Note that for any file named as the value of an option or as an input text file, a single dash - may be used, in which case standard input is assumed. However, it would not make sense to use this convention more than once per program invocation.

General options

-C
--copyright
Prints a short note about the Copyright and copying conditions, then exit without further processing.
-G
--traditional
As already explained, this option disables all GNU extensions to ptx and switch to traditional mode.
--help
Prints a short help on standard output, then exit without further processing.
--version
Prints the program verison on standard output, then exit without further processing.

Charset selection

As it is setup now, the program assumes that the input file is coded using 8-bit ISO 8859-1 code, also known as Latin-1 character set, unless if it is compiled for MS-DOS, in which case it uses the character set of the IBM-PC. (GNU ptx is not known to work on smaller MS-DOS machines anymore.) Compared to 7-bit ASCII, the set of characters which are letters is then different, this fact alters the behaviour of regular expression matching. Thus, the default regular expression for a keyword allows foreign or diacriticized letters. Keyword sorting, however, is still crude; it obeys the underlying character set ordering quite blindly.

-f
--ignore-case
Fold lower case letters to upper case for sorting.

Word selection

-b file
--break-file=file
This option is an alternative way to option -W for describing which characters make up words.
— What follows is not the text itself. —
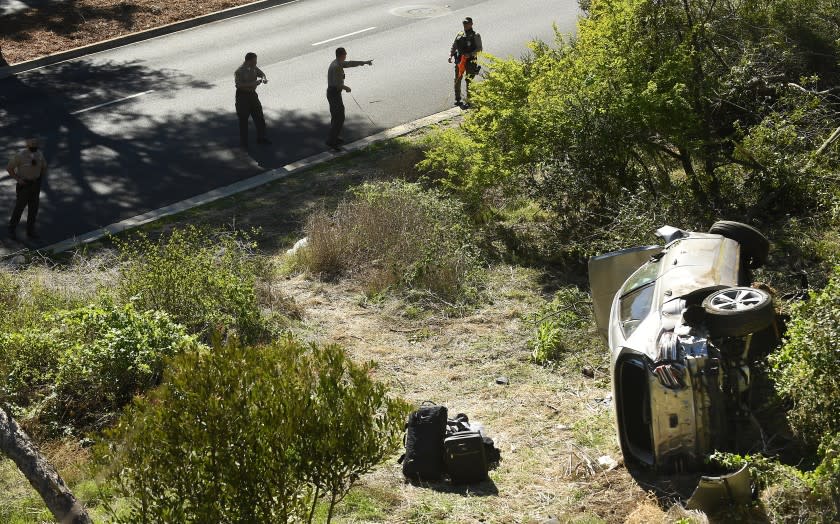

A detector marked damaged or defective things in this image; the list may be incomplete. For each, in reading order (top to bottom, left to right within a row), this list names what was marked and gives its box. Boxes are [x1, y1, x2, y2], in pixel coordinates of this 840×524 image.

crashed car [588, 221, 776, 474]
overturned white suv [588, 221, 776, 474]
This option introduces the name of a file which contains a list of characters which cannot be part of one word, this file is called the Break file. Any character which is not part of the Break file is a word constituent. If both options -b and -W are specified, then -W has precedence and -b is ignored. When GNU extensions are enabled, the only way to avoid newline as a break character is to write all the break characters in the file with no newline at all, not even at the end of the file. When GNU extensions are disabled, spaces, tabs and newlines are always considered as break characters even if not included in the Break file.
-i file
--ignore-file=file
The file associated with this option contains a list of words which will never be taken as keywords in concordance output. It is called the Ignore file. The file contains exactly one word in each line; the end of line separation of words is not subject to the value of the -S option. There is a default Ignore file used by ptx when this option is not specified, usually found in `/usr/local/lib/eign' if this has not been changed at installation time. If you want to deactivate the default Ignore file, specify /dev/null instead.
-o file
--only-file=file
The file associated with this option contains a list of words which will be retained in concordance output, any word not mentioned in this file is ignored. The file is called the Only file. The file contains exactly one word in each line; the end of line separation of words is not subject to the value of the -S option. There is no default for the Only file. In the case there are both an Only file and an Ignore file, a word will be subject to be a keyword only if it is given in the Only file and not given in the Ignore file.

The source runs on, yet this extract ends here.